Wir sind ein Volk der Raser, das muss man leider sagen. Und Rasen macht viele Menschen aggressiv. Ich verbringe viele Wochen im Jahr auf der Autobahn. Ich habe schon alles gesehen. Und ich wundere mich immer wieder über die kriegsähnlichen Zustände. Wir sind alle mehr oder minder zivilisierte Menschen im Alltag, aber sobald wir auf der Autobahn sind, ist es damit schlagartig vorbei. Hakan hat mir mal von einem Erlebnis erzählt, das er auf der A3 hatte.
Er überholte mit seinem 3er-BMW einen Wagen, ein ganz normaler Vorgang. Dachte Hakan. Das sah der überholte Wagen anders: Er betätigte die Lichthupe. Vermutlich wollte er ihm damit morsen, dass er mit dem Überholvorgang nicht einverstanden war. Also überholte er wiederum Hakan und machte seine Nebelschlussleuchte an. Also hat Hakan ihm mit der Lichthupe zurückgemorst, dass er ihn mal kann und ihn wieder überholt. Daraufhin schmiss der andere sein Warnblinklicht an, während Hakan aufblendete … jede Großraumdisco wäre auf diese Light Show neidisch gewesen!
Aber dann holte der Kollege zu einem Schlag aus, den Hakan so noch nicht gekannt hatte: Er überholte ein weiteres Mal, und als die beiden auf gleicher Höhe waren, betätigte er die Scheibenwaschanlage.

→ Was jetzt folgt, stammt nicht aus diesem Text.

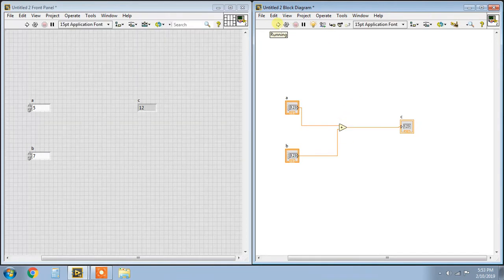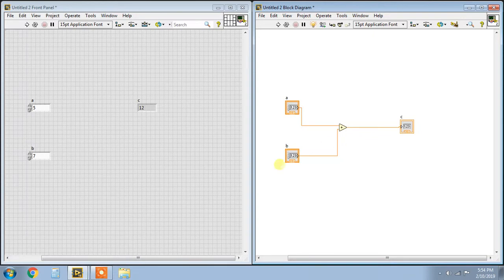There is a highlight execution option in the block diagram. If you click it, highlight execution turns on, and when you run the program, you can see each function executing step by step. This is a simple addition function. You can also replace the addition function with multiplication or subtraction. Thank you.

Doch die Scheibenwaschflüssigkeit landete auf Hakans Windschutzscheibe! Wie perfide und überraschend! Seitdem hat auch mein Kumpel den Winkel der rechten Spritzdüse verstellt – es geht ganz einfach. Aber der Effekt ist einfach umwerfend!

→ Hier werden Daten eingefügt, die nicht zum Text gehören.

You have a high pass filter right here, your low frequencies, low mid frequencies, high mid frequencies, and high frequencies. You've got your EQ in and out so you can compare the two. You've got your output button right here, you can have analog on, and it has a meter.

Ich liebe Autobahnkrieg, weil es so lächerlich ist. Aber ich mache ihn nicht mit. Meistens fahre ich sehr defensiv und bleibe schön brav auf meiner Spur. Das liegt unter anderem an den unberechenbaren Lkws.
Lkw-Fahrer blinken zwar, aber nicht, um zu signalisieren: „Ich beabsichtige, die Spur zu wechseln”, sondern um anzuzeigen: „Ich bin schon dabei, die Spur zu wechseln. Und du machst besser Platz. Es ist mir egal, ob du eine Vollbremsung machen musst oder in die Leitplanke rutschst. Ich bin nämlich zig Tonnen schwerer als du. Du kannst froh sein, dass ich überhaupt den Blinker gesetzt habe.”

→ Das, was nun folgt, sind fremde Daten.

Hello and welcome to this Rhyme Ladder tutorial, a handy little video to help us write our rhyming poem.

Auf diese Diskussionen habe ich keine Lust. Darum bleibe ich gerne in der Mitte. Selbst wenn ich wollte, ich käme mittlerweile gar nicht mehr auf die linke Spur! Es ist Zeit, der Wahrheit ins Gesicht zu sehen, die Hosen herunterzulassen, sich zu outen und meinen Lesern exklusiv zu gestehen: Ja! Ich bin Mittelspurfahrer!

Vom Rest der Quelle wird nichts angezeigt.